それをより濃厚に感じさせるサウンド。ゆったりとしたBPMで余韻が続く残響が効いたビートは音と音の間を感じて浸るような作りになっていて、ピアノもエロピも上品で大人の恋愛の空気を美しく演出している。(し、サビでぐっと雰囲気が変わる、動きがあるような感触も堪らないよね。)
(この曲はTAKEさんと小林夏海さんの共作だけど、誰がどこ書いたのか気になる。ちなみにクレジット欄は一般的に名前が先のほうが担当してる割合が高い。
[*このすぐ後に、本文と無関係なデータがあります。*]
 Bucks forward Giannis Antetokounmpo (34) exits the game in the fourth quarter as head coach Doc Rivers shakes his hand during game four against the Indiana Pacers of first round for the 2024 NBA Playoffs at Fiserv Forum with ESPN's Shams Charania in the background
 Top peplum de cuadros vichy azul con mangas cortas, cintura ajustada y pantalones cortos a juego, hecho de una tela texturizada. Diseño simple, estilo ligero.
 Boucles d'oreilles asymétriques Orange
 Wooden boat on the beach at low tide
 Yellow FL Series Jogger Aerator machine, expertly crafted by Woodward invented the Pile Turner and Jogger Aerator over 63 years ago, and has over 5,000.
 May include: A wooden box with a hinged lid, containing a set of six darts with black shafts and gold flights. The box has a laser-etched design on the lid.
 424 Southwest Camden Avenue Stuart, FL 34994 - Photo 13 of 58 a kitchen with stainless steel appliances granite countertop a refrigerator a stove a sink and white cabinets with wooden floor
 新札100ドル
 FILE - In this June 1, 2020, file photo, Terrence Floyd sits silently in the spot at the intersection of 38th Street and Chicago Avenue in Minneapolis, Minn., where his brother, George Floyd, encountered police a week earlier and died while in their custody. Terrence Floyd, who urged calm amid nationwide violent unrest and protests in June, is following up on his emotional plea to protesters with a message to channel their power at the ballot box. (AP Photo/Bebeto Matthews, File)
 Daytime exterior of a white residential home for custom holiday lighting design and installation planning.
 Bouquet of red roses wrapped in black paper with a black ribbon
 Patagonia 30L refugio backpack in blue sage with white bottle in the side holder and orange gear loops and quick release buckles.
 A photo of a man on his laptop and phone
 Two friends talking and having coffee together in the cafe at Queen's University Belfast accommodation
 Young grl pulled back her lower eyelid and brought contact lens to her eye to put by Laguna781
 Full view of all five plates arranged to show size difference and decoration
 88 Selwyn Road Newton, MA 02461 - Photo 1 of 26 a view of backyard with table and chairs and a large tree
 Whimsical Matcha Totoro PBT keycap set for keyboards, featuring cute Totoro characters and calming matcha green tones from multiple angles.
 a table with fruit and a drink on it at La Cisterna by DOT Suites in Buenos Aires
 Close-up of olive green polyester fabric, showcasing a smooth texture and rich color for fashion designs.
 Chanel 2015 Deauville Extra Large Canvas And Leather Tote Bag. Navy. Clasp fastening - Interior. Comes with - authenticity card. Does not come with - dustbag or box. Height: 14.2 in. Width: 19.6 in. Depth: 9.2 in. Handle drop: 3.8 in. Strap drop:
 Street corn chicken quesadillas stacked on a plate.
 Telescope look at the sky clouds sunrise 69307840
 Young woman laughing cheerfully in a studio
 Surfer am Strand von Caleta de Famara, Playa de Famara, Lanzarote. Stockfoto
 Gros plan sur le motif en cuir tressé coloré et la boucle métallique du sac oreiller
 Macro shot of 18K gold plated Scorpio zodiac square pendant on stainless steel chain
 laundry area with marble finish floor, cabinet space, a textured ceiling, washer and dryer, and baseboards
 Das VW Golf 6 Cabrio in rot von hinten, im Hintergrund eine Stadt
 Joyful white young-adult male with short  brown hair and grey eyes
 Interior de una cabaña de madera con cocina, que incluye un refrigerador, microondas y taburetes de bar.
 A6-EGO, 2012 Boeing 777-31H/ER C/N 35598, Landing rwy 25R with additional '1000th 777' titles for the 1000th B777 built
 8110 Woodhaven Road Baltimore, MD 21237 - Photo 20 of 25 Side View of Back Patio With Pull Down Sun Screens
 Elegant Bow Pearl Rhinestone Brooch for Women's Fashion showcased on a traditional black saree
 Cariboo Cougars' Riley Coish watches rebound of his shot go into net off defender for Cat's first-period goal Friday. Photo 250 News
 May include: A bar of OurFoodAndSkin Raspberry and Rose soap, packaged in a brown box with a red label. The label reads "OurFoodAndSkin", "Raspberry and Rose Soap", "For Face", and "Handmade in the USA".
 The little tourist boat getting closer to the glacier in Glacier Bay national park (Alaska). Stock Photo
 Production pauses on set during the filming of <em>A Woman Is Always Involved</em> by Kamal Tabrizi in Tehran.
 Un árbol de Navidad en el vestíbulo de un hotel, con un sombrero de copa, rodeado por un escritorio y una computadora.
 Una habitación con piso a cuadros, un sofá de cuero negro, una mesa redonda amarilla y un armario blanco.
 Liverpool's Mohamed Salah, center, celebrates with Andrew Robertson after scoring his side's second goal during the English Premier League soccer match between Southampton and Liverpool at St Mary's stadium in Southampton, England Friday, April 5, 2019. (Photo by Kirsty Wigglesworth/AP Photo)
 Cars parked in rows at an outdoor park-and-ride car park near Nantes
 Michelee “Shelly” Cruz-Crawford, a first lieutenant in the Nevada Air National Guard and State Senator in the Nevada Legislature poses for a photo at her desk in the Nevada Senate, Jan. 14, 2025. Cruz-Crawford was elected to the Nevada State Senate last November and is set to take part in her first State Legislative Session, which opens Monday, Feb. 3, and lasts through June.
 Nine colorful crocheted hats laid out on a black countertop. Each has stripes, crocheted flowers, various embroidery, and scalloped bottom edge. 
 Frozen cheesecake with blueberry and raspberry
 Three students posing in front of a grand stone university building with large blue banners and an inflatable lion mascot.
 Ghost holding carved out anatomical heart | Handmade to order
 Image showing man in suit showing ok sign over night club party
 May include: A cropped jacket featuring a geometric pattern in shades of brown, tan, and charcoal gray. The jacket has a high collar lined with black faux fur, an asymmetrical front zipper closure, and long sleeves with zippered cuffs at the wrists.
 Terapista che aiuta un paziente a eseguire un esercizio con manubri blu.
)
おわりに。
最近、大人の恋愛といえる楽曲やエンタメ(映画や小説)が減ってしまったような気がします。
ただでさえ生きていくことに必死な時代だから、エンタメで恋愛の苦味を感じてる心の余裕なんて無いんだろうなと思う。仕方ないよね。(でも、それで終わらせてしまうのはちょっとマズい気がするけど。)
二人きりの特別なひとときを過ごす……みたいな非現実感に満ちた甘い感じは見かけないし、肌を重ねるような展開はカットされてるコトが多い。本当に朝チュン増えたよね。
だからこそ、"Perfume music"はあってほしい。
昨今は等身大の恋愛や共感性のある曲が主流だけど、思わず背伸びしたくなるような感じや、夢見心地な感じに浸ったり、濃厚な夜感に胸が高鳴ったり……現代では失われつつあるけど、すごく大切なコトだと思います。
そして……TAKEさん、KO-HEYさん、KO-ICHIROさん、改めてメジャーデビュー28周年おめでとうございます。これからも素敵な音楽を楽しみにしています!